I have occasional contact with a factory employee and I know that production of the 2.0 diesel started some 2 weeks ago. I have also heard that new UK orders for any derivative will suffer a 5 month wait, while certain of our European neighbours will receive no more deliveries until September! 

I think the Qashqai has a lot going for it, and eagerly await delivery


----------



## C2H5OH (7 Jun 2007)

Just wondering if anyone has managed to actually get a Qashqai?
If so, when was it ordered and when did you take delivery?


----------



## dawnsurprise (7 Jun 2007)

when i looked a few months back, i was told there was a 3 month lead time.... not sure if i sitll love them, i really want a jeep, and they dont quite step up to that mark, that said, they have all the bells and whistles.... i did however find the seat very bulky!!!!


----------



## oldtimer (8 Jun 2007)

Friend of mine ordered a Qashqai in Feb - expecting it this week-end


----------



## RS2K (8 Jun 2007)

I'm just not sure about these crossover vehicles. I can see the point in a 4wd version, which will give some limited degree of "soft road" ability. 

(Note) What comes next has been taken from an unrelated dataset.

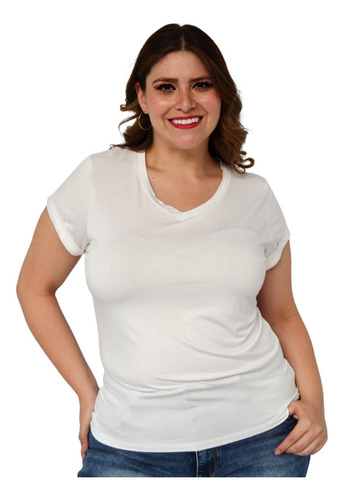 Playera Básica Talla Extra, Modelo 0013 (blanco)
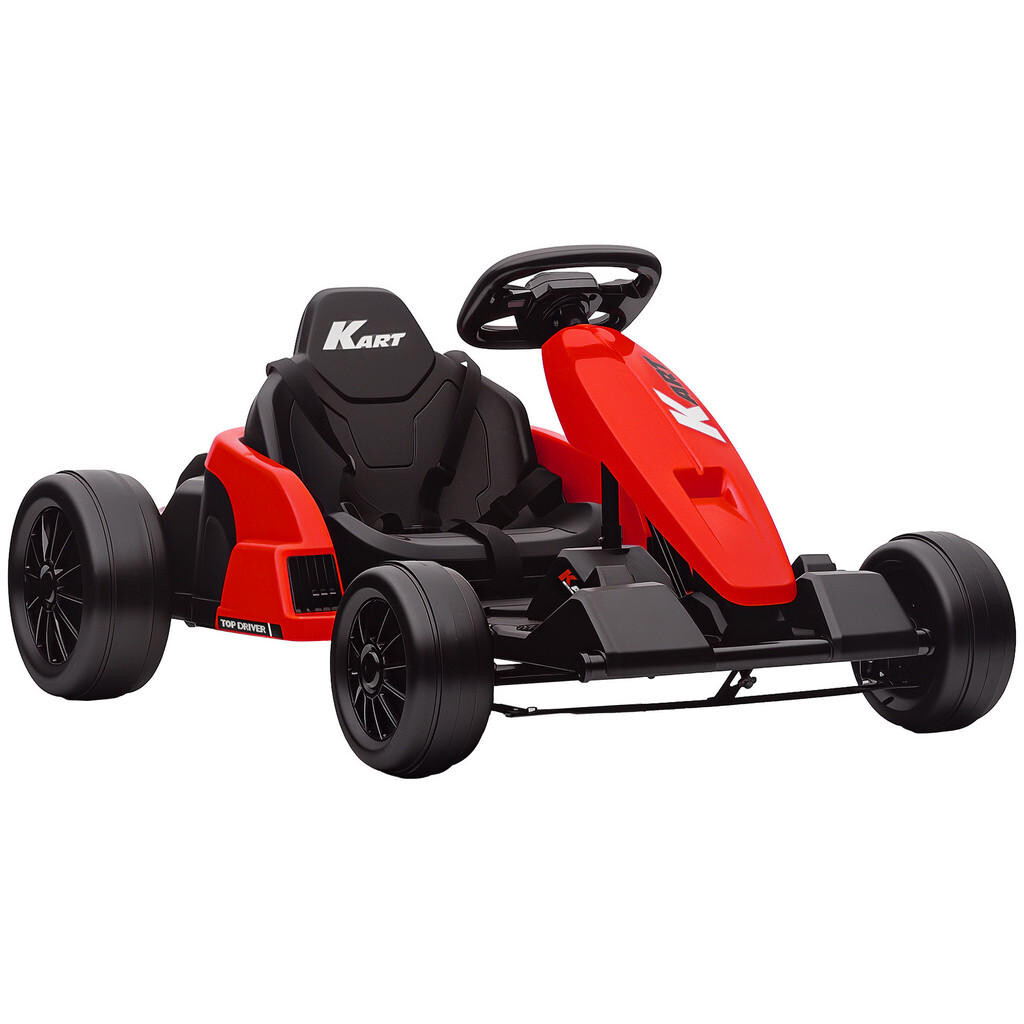 AIYAPLAY DĚTSKÝ ELEKTRICKÝ GOKART Drift Kart Nastavitelná sedačka 24 V 6–18 km/h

A fwd one just doesn't make sense. It's merely a regular hatchback on high heels surely?

Same as a Ford Fusion  which is a Fiesta on stilts.

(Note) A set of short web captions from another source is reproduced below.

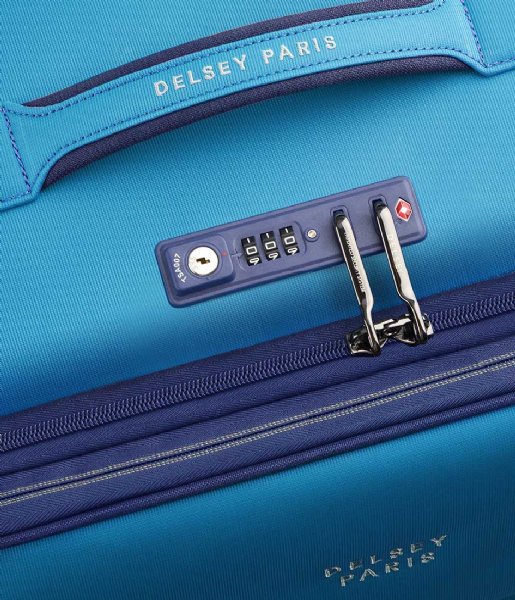 Delsey  Brochant 3 Suitcase M Expandable 67cm Blue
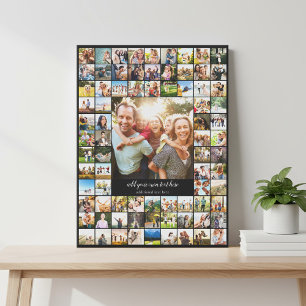 Lienzo Crea tu propio collage de 79 fotos personalizadas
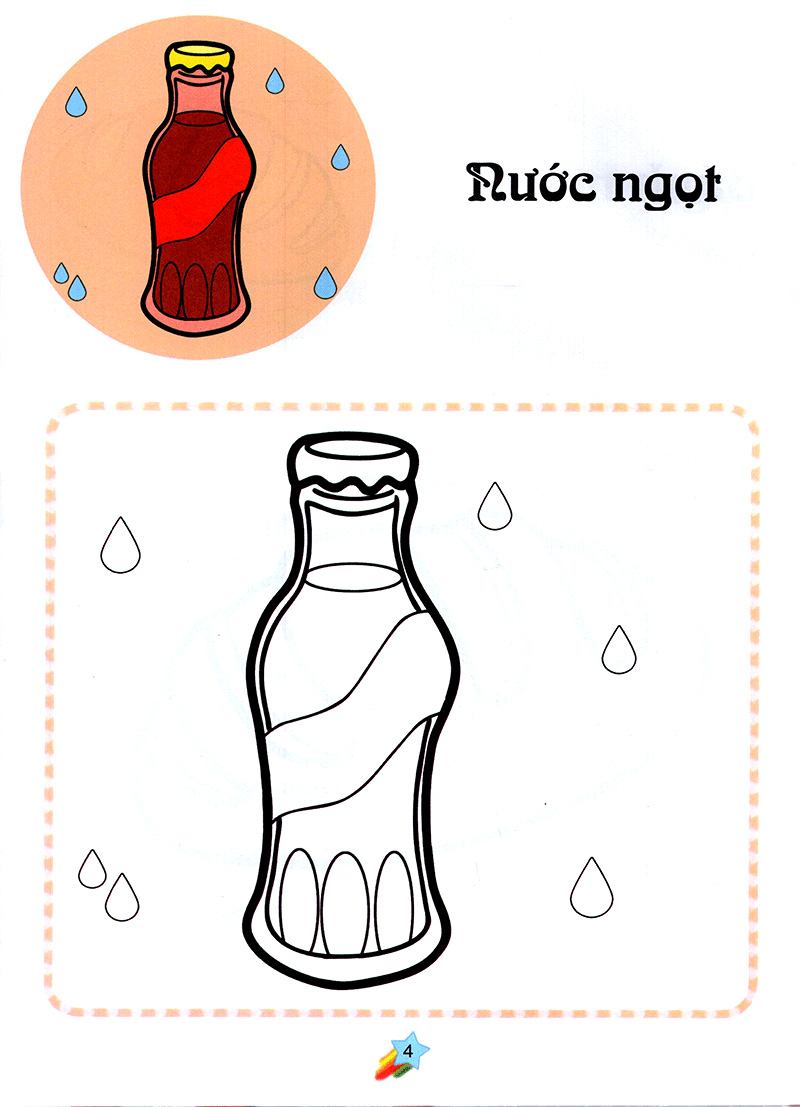 123 nào ta tô màu! thức ăn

I guess the sales success of the Nissan "Cashcow" is down to it's packaging and marketing.


----------



## bacchus (8 Jun 2007)

RS2K said:


> . It's merely a regular hatchback on high heels surely?


 
agree, it is a deja-vu in the Renault/Nissan family wit the Scenic and RX4.. RX4 did not last very long, about 5 years..
Will this one last longer?


----------



## Sunster (8 Jun 2007)

I'd say it will. It has been popular already and recently in the auto press dubbed the safest car in Britain with the best scores ever in NCAP...this no doubt will be a huge selling point.
Indeed it may look like a hatchback on high heels but come on....you'd buy one of these before a ford fusion! I think Nissan took note of the popularity of urban 4x4 knowing rightly that they appeal to families and with no need of 4x4 ability, whilst being FWD makes it far more economical and easier to maintain than 4x4. I think the success of the Rav 4 is a good example. Up until the new model, Rav 4s were available in fwd and sold very well.


----------



## ang1170 (8 Jun 2007)

It's all to do with the elevated driving position; nothing to do with off-road capability. That, and image.

Nissan understand this: why put in expensively engineered 4WD when nobody buying these cars need it? I think they've got it exactly right with the Qashqai.

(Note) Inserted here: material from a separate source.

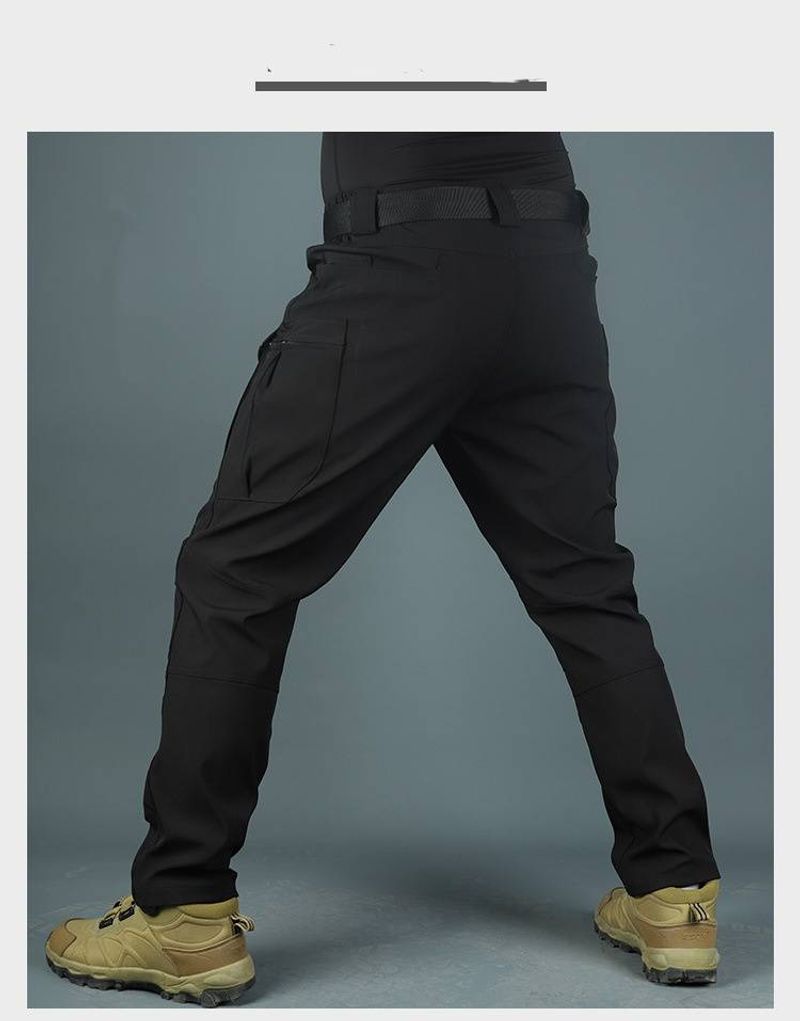 Pantaloni cargo tattici da uomo - Pantaloni da lavoro mimetici militari con tasche multiple (serie X7/X9, nero/grigio/kaki/verde/mimetico, taglie dalla S alla XXXL)_voghion.com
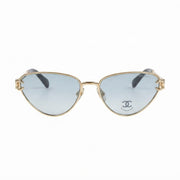 Chanel Women Cat-Eye Blue Sunglasses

Makes you think though: when we're all driving these, will there be a demand for even higher cars to see over everyone else????


----------



## Sunster (8 Jun 2007)

Psychological isn't it...wanting to look down on our peers. My wide has a Rav4 and her decision was influenced by wanting to be higher up, and image of having a jeep. She's no wish of being any higher up. 
Higher up means higher centre of gravity and poorer road handling. Unless there are new suspension/ride technologies on its way, I doubt car manufacturers will try to risk beating the laws of physics.


----------



## bacchus (8 Jun 2007)

Sunster said:


> the auto press dubbed the safest car in Britain with the best scores ever in NCAP


 
...but bad score for pedestrian protection, which is a pitty for a city car


----------



## RS2K (8 Jun 2007)

Ford is planning a Focus based rival. Looks cool too.

[broken link removed]


----------



## Sunster (8 Jun 2007)

Looks like a focus on steroids...actually very cool looking...imagine if they stick the 225BHP engine in that...
Everyone will be in these vehicles in a few years


----------



## RS2K (8 Jun 2007)

Sunster said:


> Looks like a focus on steroids...actually very cool looking...imagine if they stick the 225BHP engine in that...
> Everyone will be in these vehicles in a few years



They will put that 2.5 5 cylinder turbo petrol engine in it apparently.

It'll also have a 1.6 125bhp petrol lump, and various other bigger petrol and diesel units too.


----------



## C2H5OH (8 Jun 2007)

oldtimer said:


> Friend of mine ordered a Qashqai in Feb - expecting it this week-end[/quote
> Thanks for the response. Would be interested to know if it arrives.
> 
> Anyone else get one delivered?


----------



## noilh (29 Aug 2007)

bacchus said:


> I guess Nissan will change the name for the US market???



Why would they do that?  America is the great melting pot of all nations so a name like that should sound quite at home there - should being the operative word as  I believe there is currently a cool attitude to asian-sounding names there.


----------



## anowell35 (30 Aug 2007)

northsideboy said:


> Has anyone heard anything about this car. have driven 3 Ford Focus'es but feel its time for something new?


----------



## anowell35 (30 Aug 2007)

I heard there is 1 year waiting list if you want one!


----------



## northsideboy (30 Aug 2007)

anowell35 said:


> I heard there is 1 year waiting list if you want one!



Had mine since Easter. Fantastic car!!


----------